A study of U(1) lattice gauge theory in four dimensions

Abstract

We examine some aspects of four dimensional U(1) lattice gauge theory. Throughout this report we use a pure gauge action without fermions. In the introductory Chapter I we briefly review the general formalism of lattice gauge theory and the current state of knowledge in U(1) lattice gauge theory. We also give a brief account of Monte-Carlo methods and describe some of the numerical techniques to be used in later chapters. In Chapter II we present results from an analysis of a U(1) model on a simplicial lattice. We comment on the need to consider alternative lattices, briefly describe the simplicial lattice geometry, show that it has the correct naive continuum limit and report on measurements of Wilson loops, string tension and specific heat. We compare our results to those obtained with the more commonly used hypercubic lattice and find good agreement with improved simulation time.
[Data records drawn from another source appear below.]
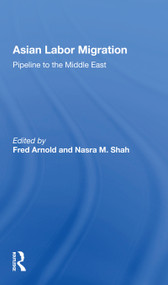 Asian Labor Migration (Pipeline To The Middle East) by Fred Arnold, 9780367160319
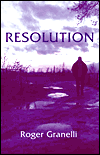 Title: Resolution, Author: Roger Granelli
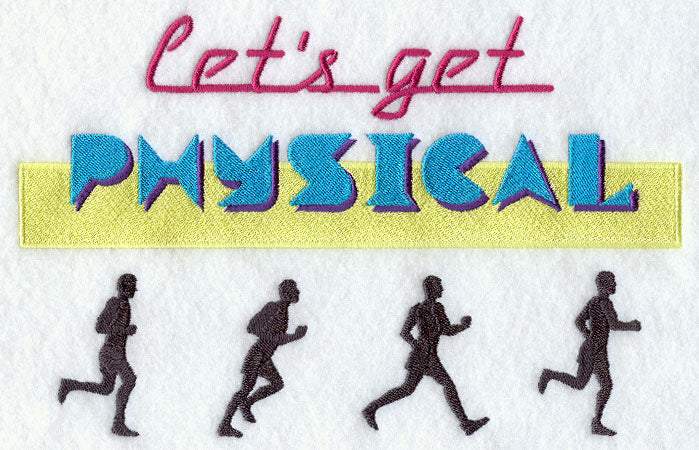 Let's Get Physical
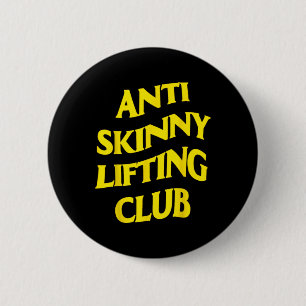 Anti Skinny Lifting Club Weightlifting Bodybuildin 6 Cm Round Badge
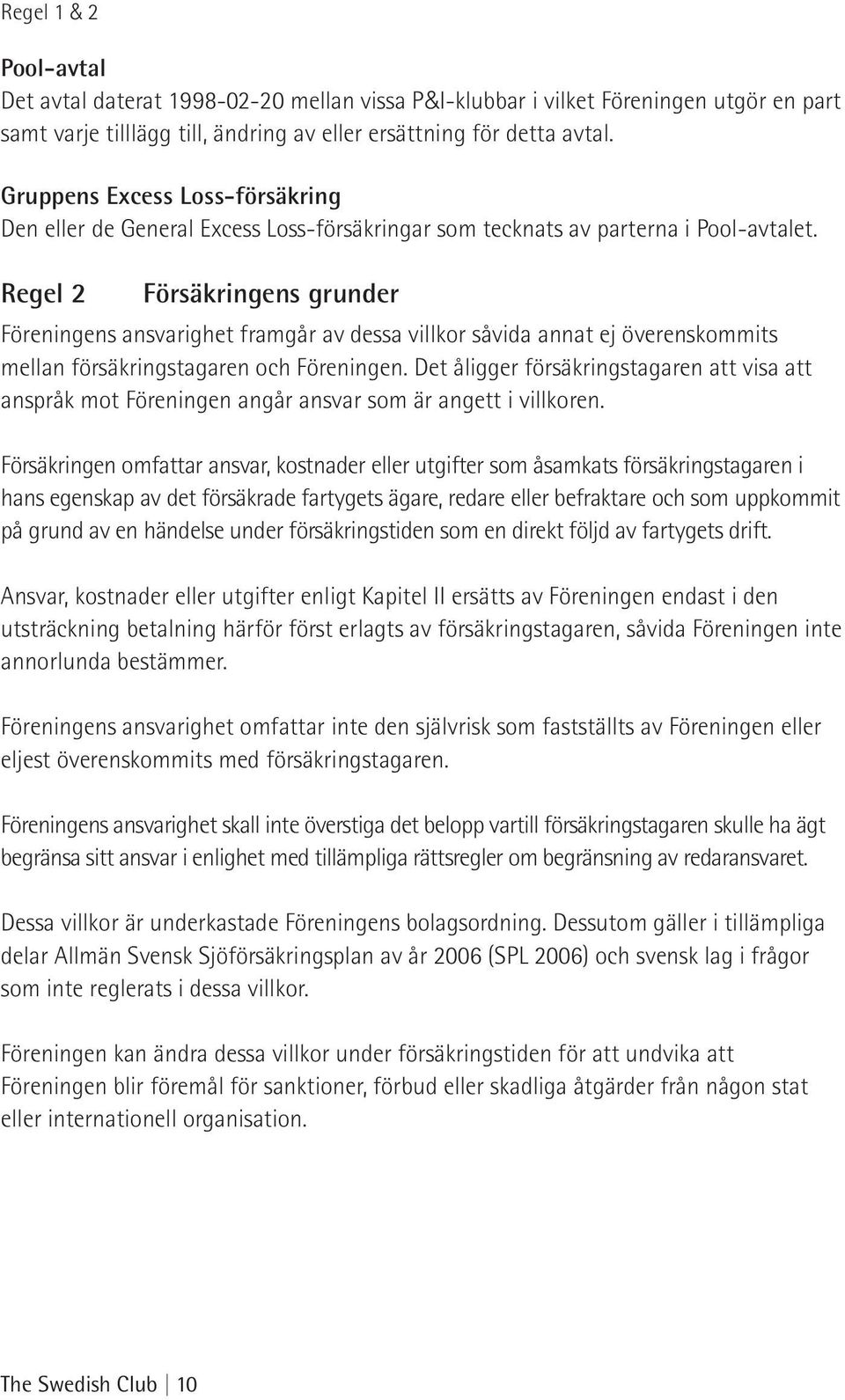 Regel 2 Försäkringens grunder Föreningens ansvarighet framgår av dessa villkor såvida annat ej överenskommits mellan försäkringstagaren och Föreningen.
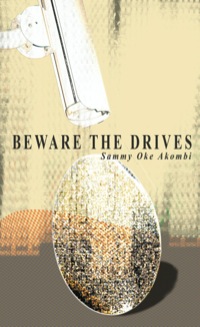 Imagen de portada: Beware the Drives 9789956558858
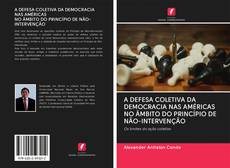Portada del libro de A DEFESA COLETIVA DA DEMOCRACIA NAS AMÉRICAS NO ÂMBITO DO PRINCÍPIO DE NÃO-INTERVENÇÃO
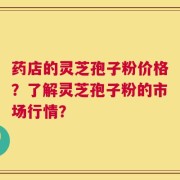 药店的灵芝孢子粉价格？了解灵芝孢子粉的市场行情？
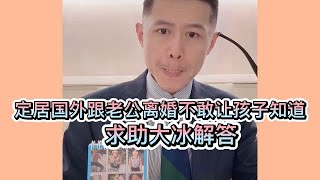定居国外跟老公离婚不敢让孩子知道，求助大冰解答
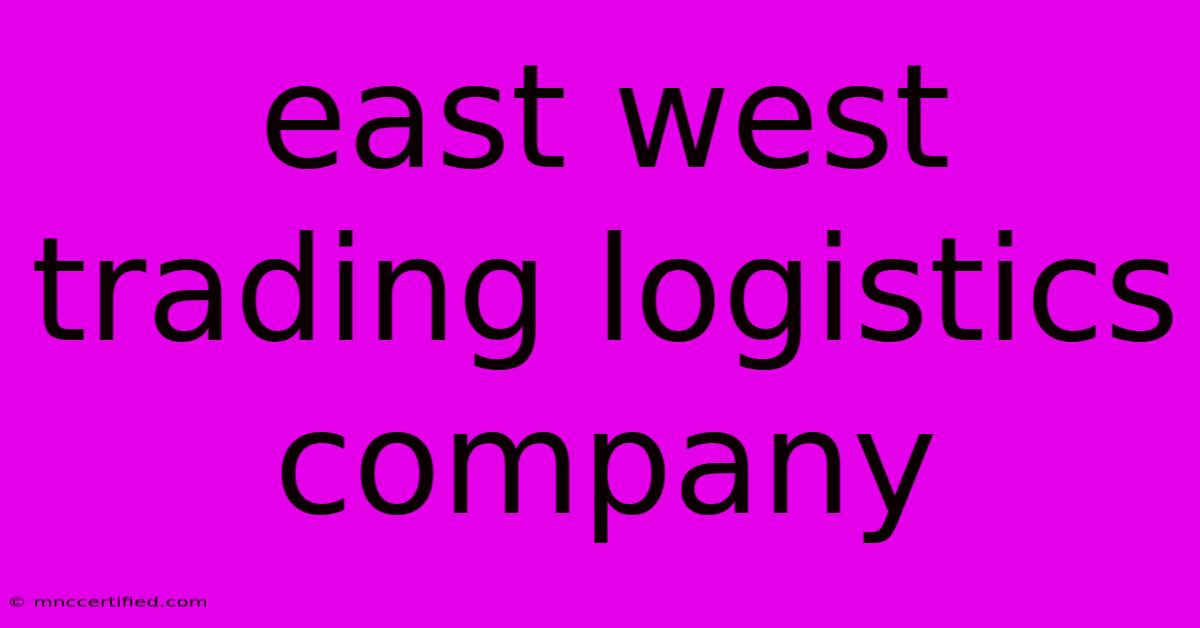 East West Trading Logistics Company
In Chapter III we apply the techniques of the Monte-Carlo Renormalization group to U(1) lattice gauge theory. After a brief introduction to the Real Space Renormalization Group formalism we describe some special numerical techniques which are appropriate to this work. We report on measurements of the model's critical exponents and calculate the renormalized parameters using the Swendsen Method. We discuss the relevance of our results to the understanding of the U(1) phase diagram in a multi-parameter space.